Through 2050, the expansion of nuclear power under the global growth scenario would lead to nearly a doubling of the average rate at which spent fuel is currently generated with proportionally larger increases under the steady-state growth scenario. Assuming a constant growth rate for nuclear plant construction, and that Yucca Mountain itself was successfully licensed and built, a new repository with the capacity of Yucca Mountain would have to come online somewhere in the world every six years in order to handle the amount of waste that would be generated under the global growth scenario. For the steady state growth scenario a new Yucca Mountain sized repository would need to be opened every three years on average just to keep up with the waste being generated.1003¶ The characterization and siting of repositories rapidly enough to handle the volumes of waste that would be generated by a nuclear revival would be a very serious challenge.

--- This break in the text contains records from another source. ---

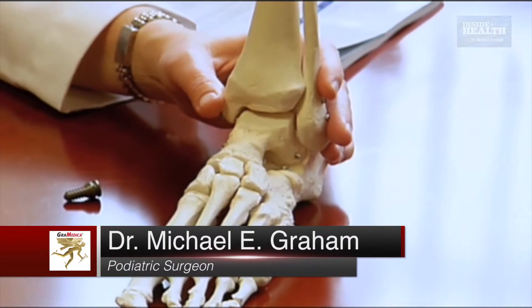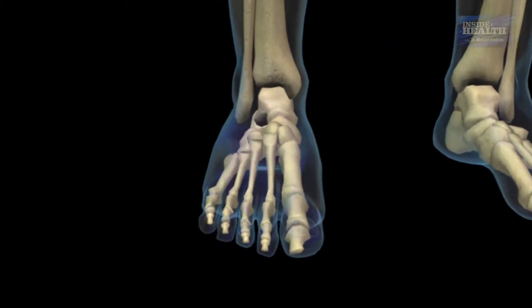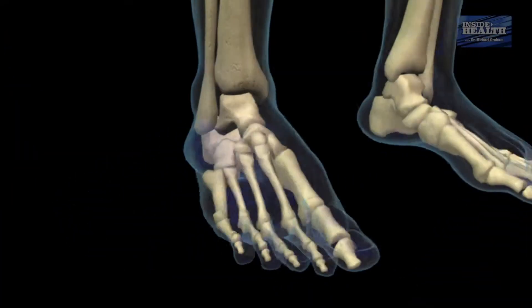There is a naturally occurring space in between the ankle bone and the heel bone called the sinus tarsi — sinus meaning an open space. The whole weight of the body goes onto the top of the ankle bone, and from there it's redistributed to the back of the heel and through the front of the foot. This little open space acts as the pivot point for that natural redistribution of forces. When the ankle bone slides off the heel bone, that naturally occurring space closes.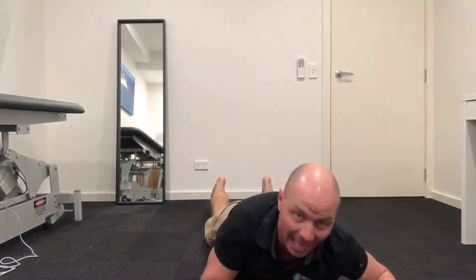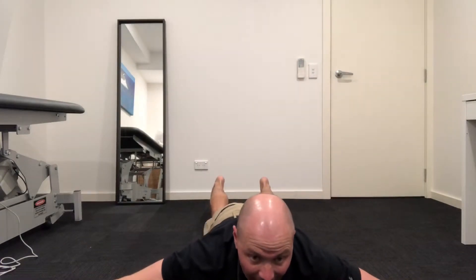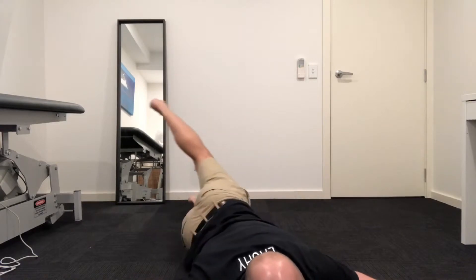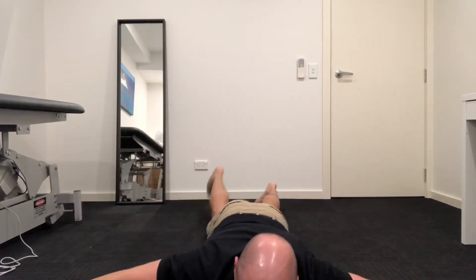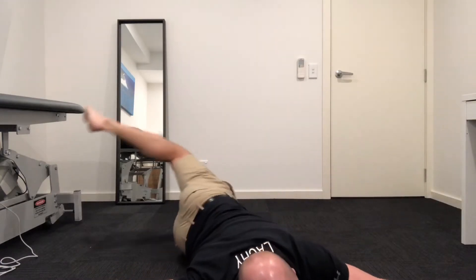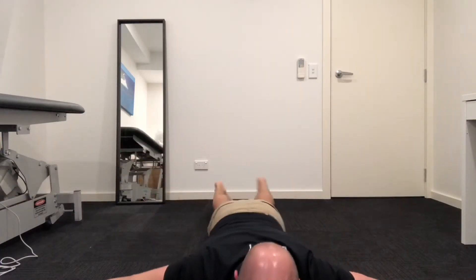To do the Scorpion Twist, you're going to start by lying on your stomach and have your hands and arms out to the side. The idea is to then roll so one leg aims to touch the other arm, and just repeat that from side to side.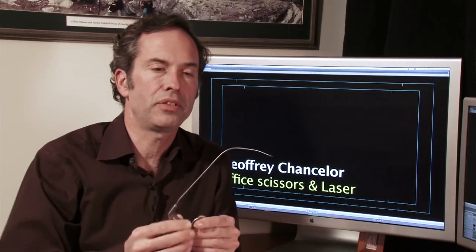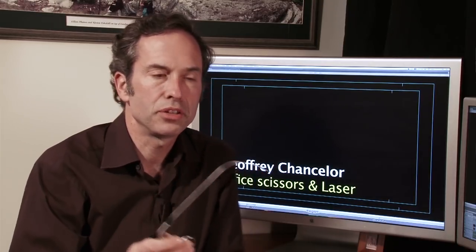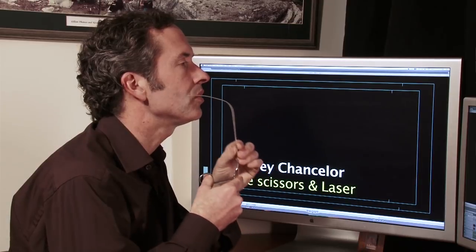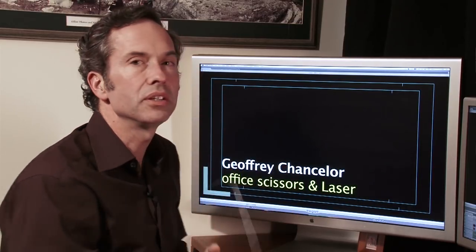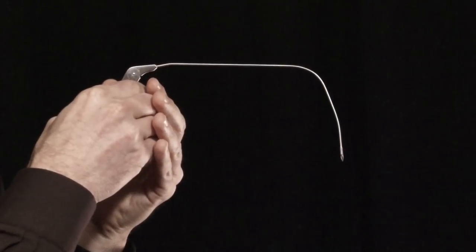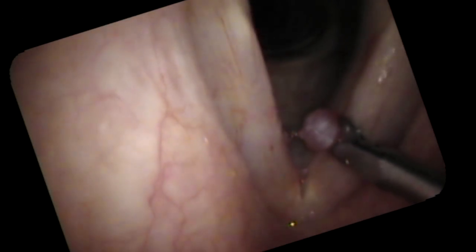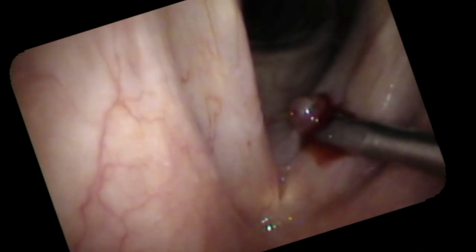We're going to use a pair of scissors that have been modified — operating room scissors with a bend in them. I can pass a camera through his nose, put the scissors in his mouth, go around the corner, and operate cutting down on the vocal cords. His polyp is a fairly big one in the center of his vocal cords, giving him diplophonia, air leak, and a very rough voice. Here we are in the office with a flexible camera looking down and cutting off the hemorrhagic polyp.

The site of the Yucca Mountain repository has been studied for more than two decades, and it has been the sole focus of the Department of Energy since 1987. However, despite this effort, and nearly $9 billion in expenditures, as yet no license application has been filed and a key element of the regulations governing the site has been struck down by the courts and re-issued in draft form. Adding to the uncertainty about the repository’s future is the fact that the draft standard proposed by the EPA in August 2005 would be the least protective¶ by far of any repository regulation anywhere in the world, and will therefore likely face future challenges.

Answers to: Wind requires fossil fuel backup because it’s intermittent Wind is steady in the ocean – and strongest in warm weather when demand is highest.

Huelsenbeck, marine scientist for the climate and energy campaign at Oceana, 2013

(Matt, “Offshore Wind Energy: The Coming Sea Change?,” Live Science, July, Online: http://www.livescience.com/38187-wind-turbines-rising.html)

One of the reasons offshore wind energy is so effective is that these winds are stronger and steadier than onshore winds. And offshore winds are strongest during the day as well as in heat waves, when the demand for energy is highest. In fact, the East Coast of the United States has been dubbed the "Saudi Arabia" of offshore wind, since there is enough wind energy off this coast to provide the entire country with electricity — if the industry is fully developed.